Les infirmières libérales ont accepté un accord visant à mieux répartir géographiquement leur activité.
Une signature «inédite» entre l'assurance maladie et quatre syndicats d'infirmières qui va permettre de prendre des mesures financières d'incitation pour favoriser leur installation dans des zones où elles sont insuffisamment nombreuses.
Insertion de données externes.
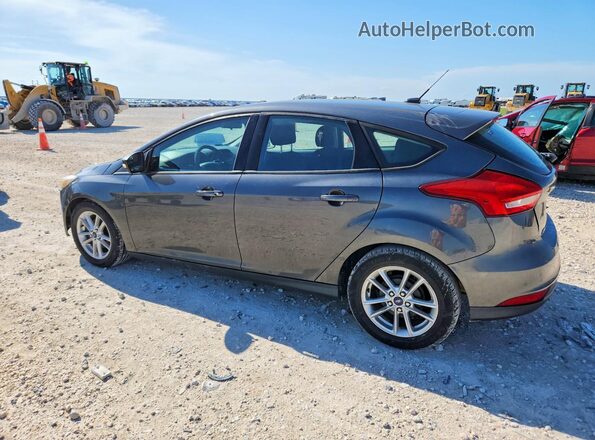 1FADP3K2XHL216192 2017 FORD FOCUS Charcoal Trasero izquierdo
Les Echos évalue dans son édition de jeudi à 250 le nombre de «zones surdotées», dont la taille se rapprocherait de celle d'un canton. Le quotidien estime aussi à 7.000 sur un total de plus de 50.000 le nombre d'infirmières pouvant être concernées par ce gel d'installations.
Pour la présidente du Sniil, Annick Touba, outre les «zones surdotées», l'Etat doit définir des zones «sous-dotées» en infirmières, où des mesures financières d'incitation seront mises en place pour favoriser leur installation. Il s'agit souvent de banlieues défavorisées ou de territoires ruraux peu peuplés.
Le président d'un autre des quatre syndicats signataires, la FNI, Philippe Tisserand, souligne que la limitation en «zone surdotée» ne concerne pas les professionnelles déjà installées. D'autre part, il s'agit d'un accord «expérimental pendant deux ans».
Ce nouvel accord intervient un peu plus de dix mois après le recul du gouvernement sur une mesure comparable concernant les médecins libéraux.